EMA releases guidance on methods to be used in the design and conduct of post authorisation efficacy studies
The European Medicines Agency (EMA) has released a draft scientific guideline that outlines how post-authorisation efficacy studies (PAES) should be designed by companies to support regulatory decision making in the European Union (EU). In addition, a guidance that describes the regulatory aspects for the fulfilment of imposed PAES is also published.
These studies are conducted within the authorised indication after a medicine has been granted a marketing authorisation, to collect data on aspects of its benefits that can only be or need to be explored once the medicine is marketed.
In particular, PAES can address questions related to the benefits of a medicine stemming from the way it is used in everyday medical practice, including in specific populations, in relation to its use with other medicines or over time, and when there are changes in the understanding of a disease or the medicine’s mechanism of action.
The knowledge generated by these studies complements the information about the medicine’s benefits that was assessed during its approval process.
These studies can be imposed by regulators or may be carried out voluntarily by companies.
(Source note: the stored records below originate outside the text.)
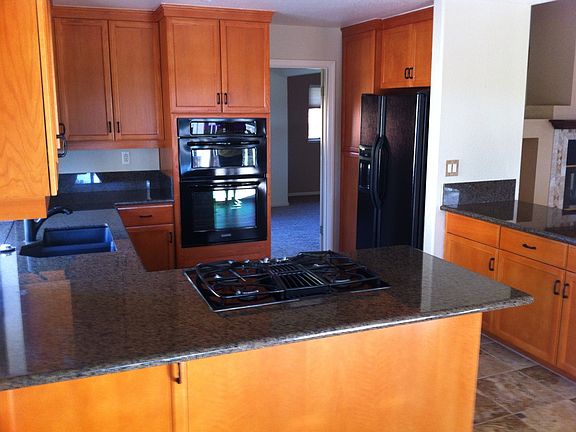 4th image of 485 Platt Cir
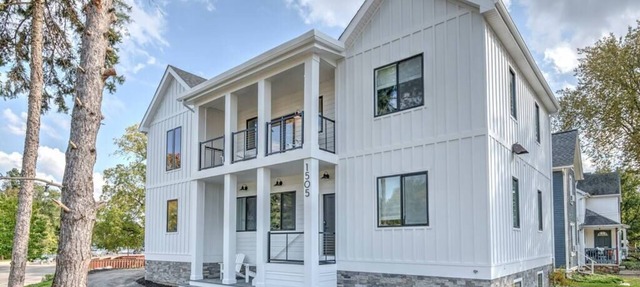 Amazing Spacious Home in AA Steps to Big House in Ann Arbor
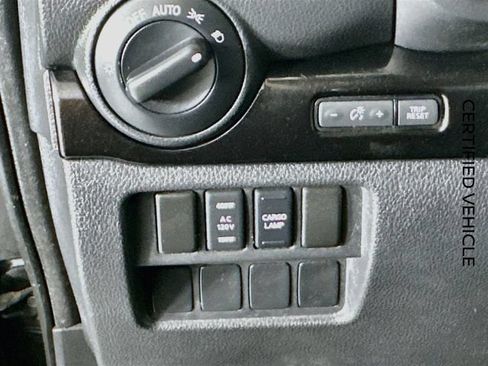 Certified 2018 Nissan Titan SV w/ SV Convenience Package RWD image 7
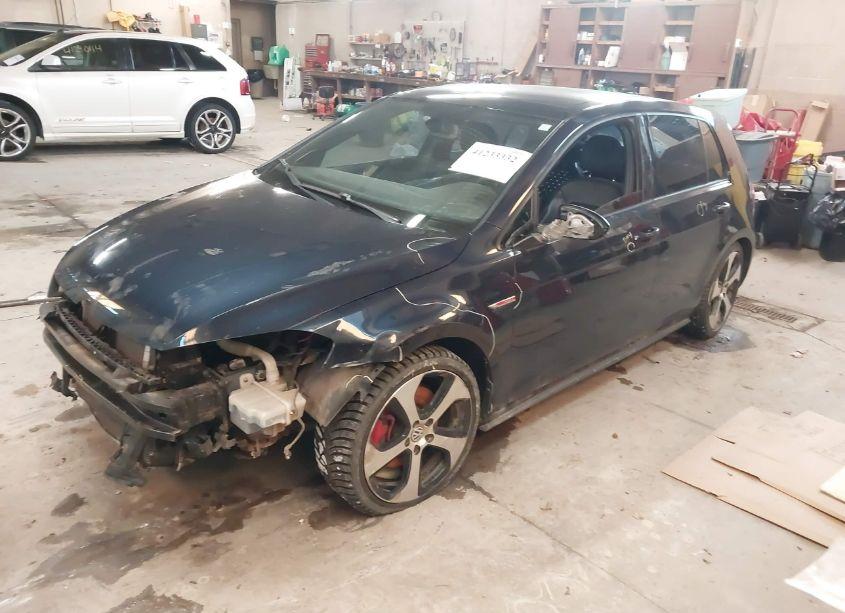 Photo 2 of 2015 Volkswagen Golf GTI 2.0T SE 4-DOOR (VIN 3VW4T7AU4FM061888)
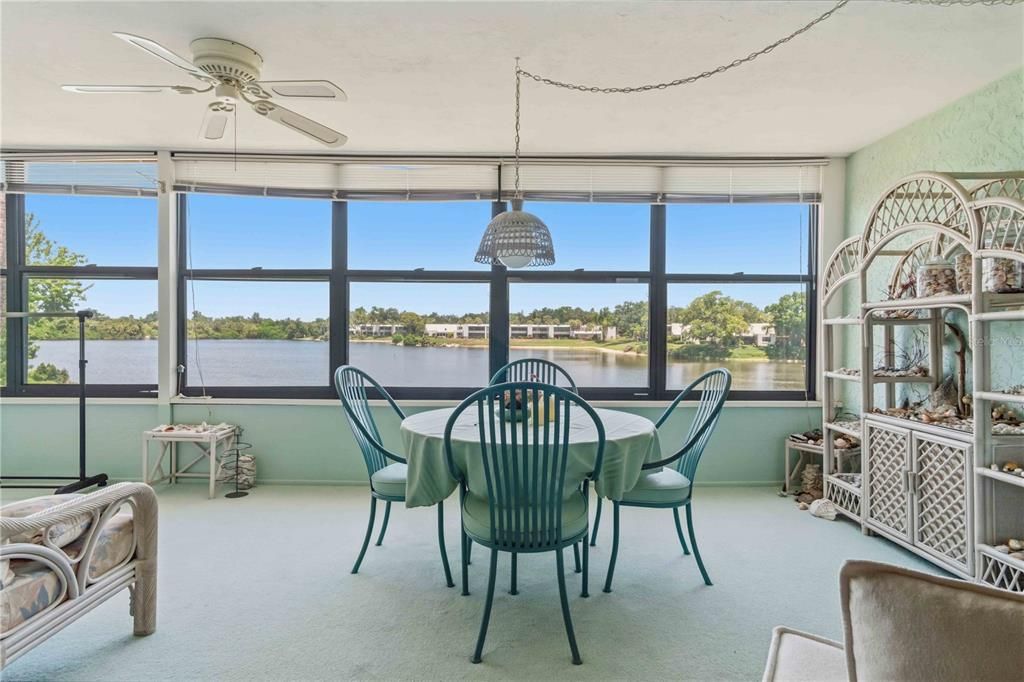 For Sale: $200,000 (2 beds, 2 baths, 1711 Square Feet)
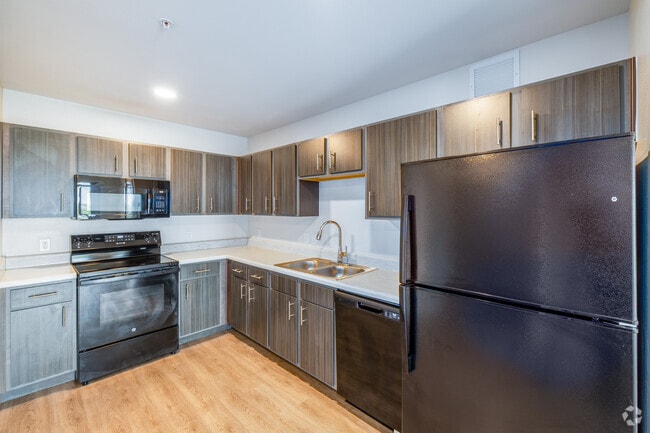 3BR, 2BA - 1,062SF - Kitchen - CoCo Vista
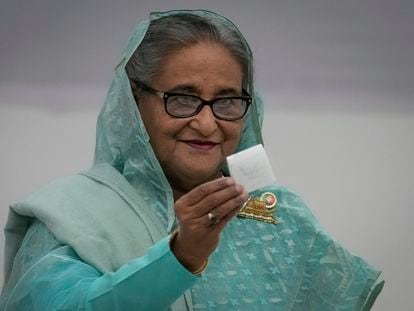 La primera ministra de Bangladés, Sheikh Hasina, muestra su papeleta mientras deposita su voto en un centro electoral de Daca, capital del país, el domingo 7 de enero de 2024.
The situations where a PAES can be required by medicines regulatory authorities in the EU were specified by the European Commission in April 2014. Prior to that date, regulators could request these types of studies in certain cases such as in the context of conditional marketing authorisations, authorisations under exceptional circumstances, paediatric use or referral procedures.
PAES can now be required for medicines with a standard marketing authorisation:
- at the time a marketing authorisation is recommended, when there are questions about the efficacy of the medicine that can only be answered once the medicine has been marketed;
- after a marketing authorisation has been granted, if new data indicate that the benefits of the medicine should be further studied.
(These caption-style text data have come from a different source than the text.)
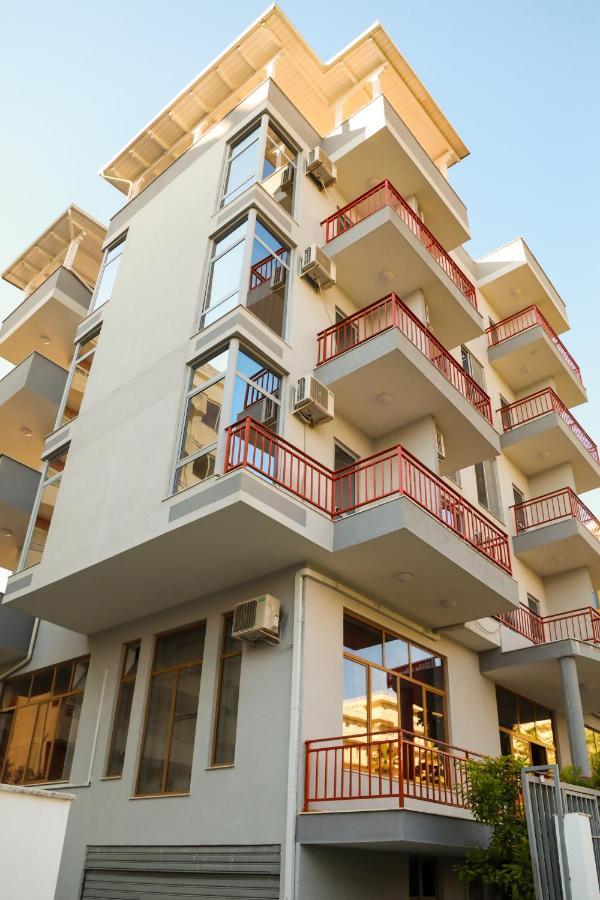 Hotel Vila Namiku Durrës Esterno foto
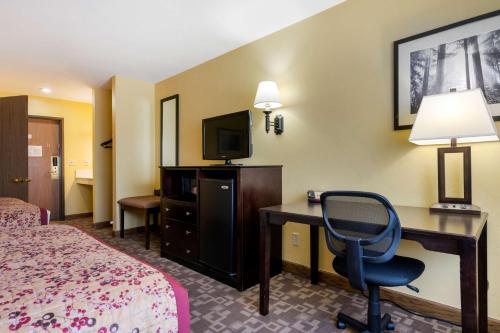 Postel nebo postele na pokoji v ubytování Best Western Blackfoot Inn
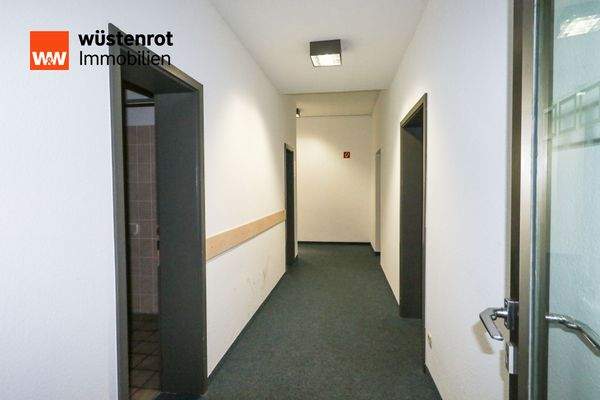 Flur zu den Büroräumen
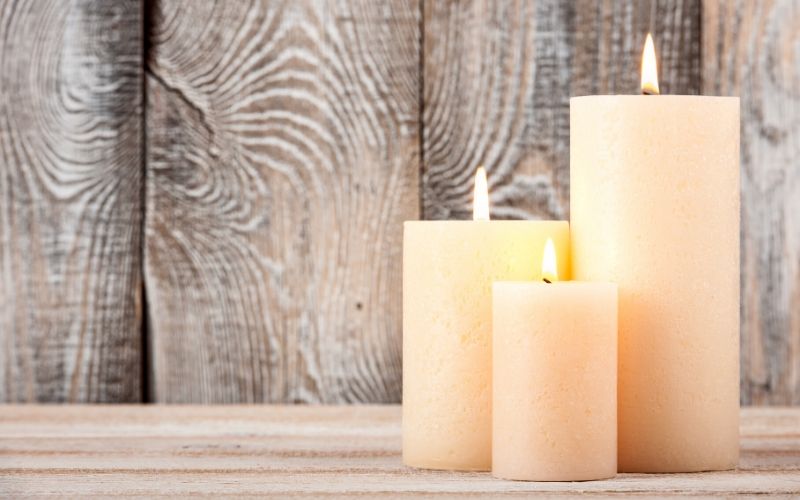 Tallow candles in different sizes.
The results of these studies should translate into better labelling and better use of medicines by patients and prescribers in clinical practice.
The draft scientific guideline applies to imposed and voluntary PAES. It has been developed in collaboration with the EU Member States and other interested parties and is released for a three-month public consultation.
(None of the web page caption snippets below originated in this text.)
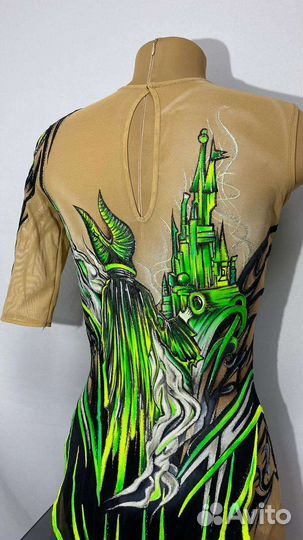 Костюм для художественной гимнастики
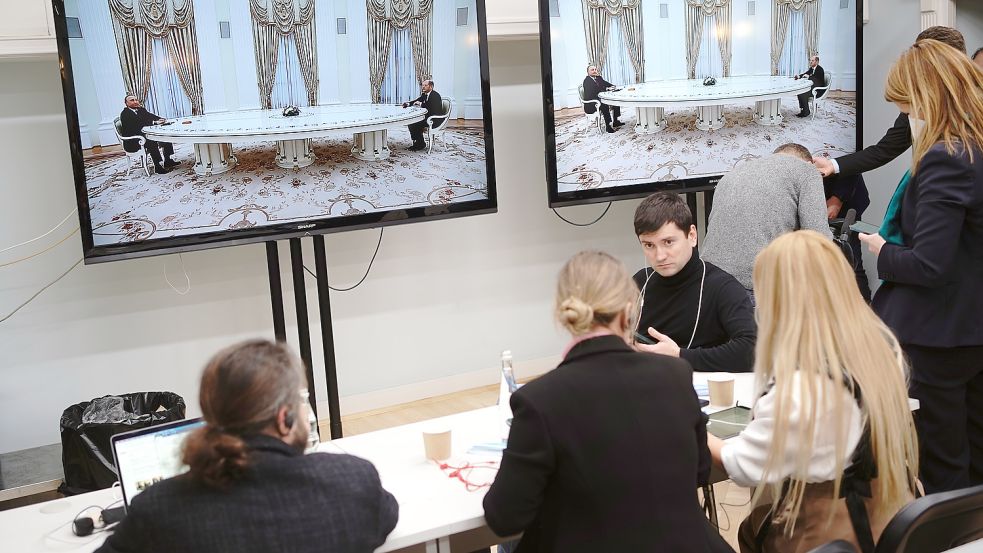 Auf Abstand: Journalisten verfolgen in einem Presseraum die Übertragung des Treffens von Bundeskanzler Olaf Scholz und Russlands Präsident Wladimir Putin. Foto: dpa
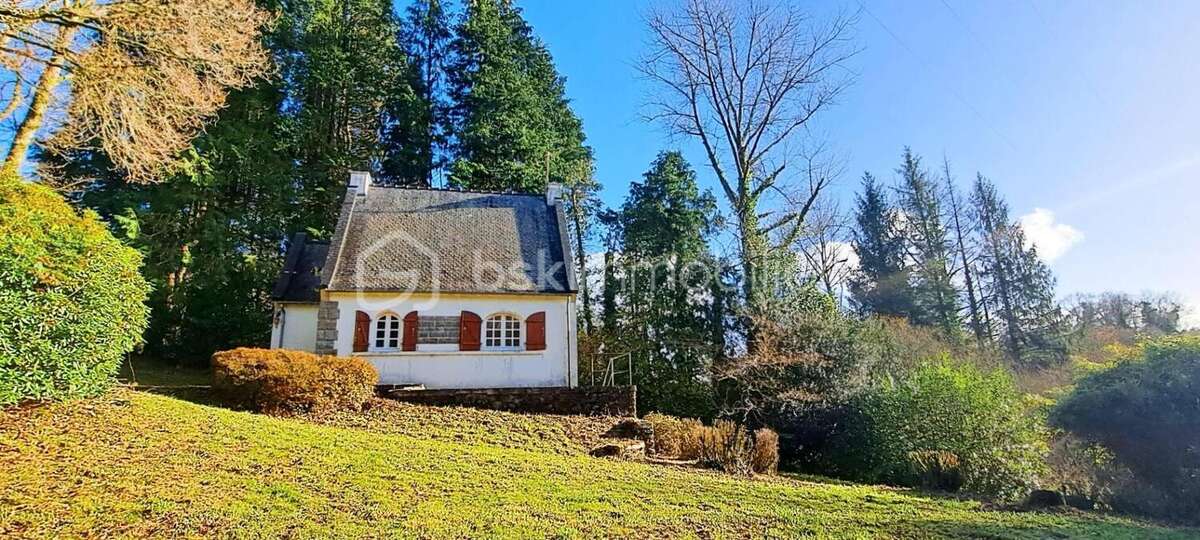 Maison à HUELGOAT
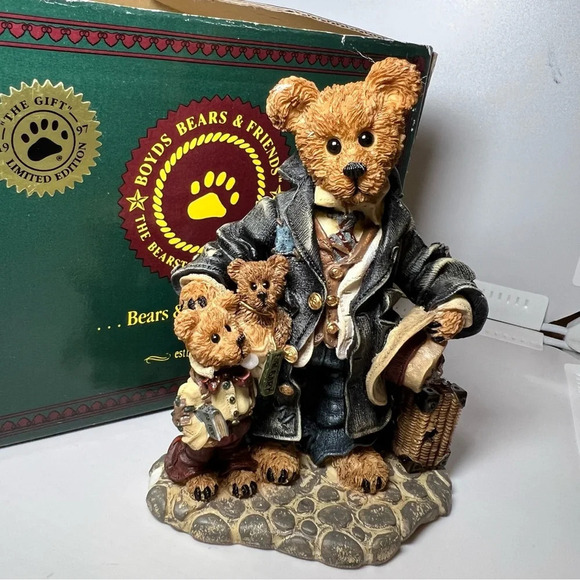 Boyds Bears Other - Boyds Bears & Friends Uncle Gus and Gary The Gift... Bear Figurine 1997 Boxed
Comments on the scientific guideline are invited until 31 January 2016; they should be sent to paesconsultation@ema.europa.eu using the form provided.
Additional regulatory and procedural guidance is being released together with the scientific guidance to clarify aspects in relation to the imposition of PAES, including the submission of study protocols by companies and their assessment by EMA, the assessment of the study results, and the possible regulatory outcomes following the conduct of an imposed PAES.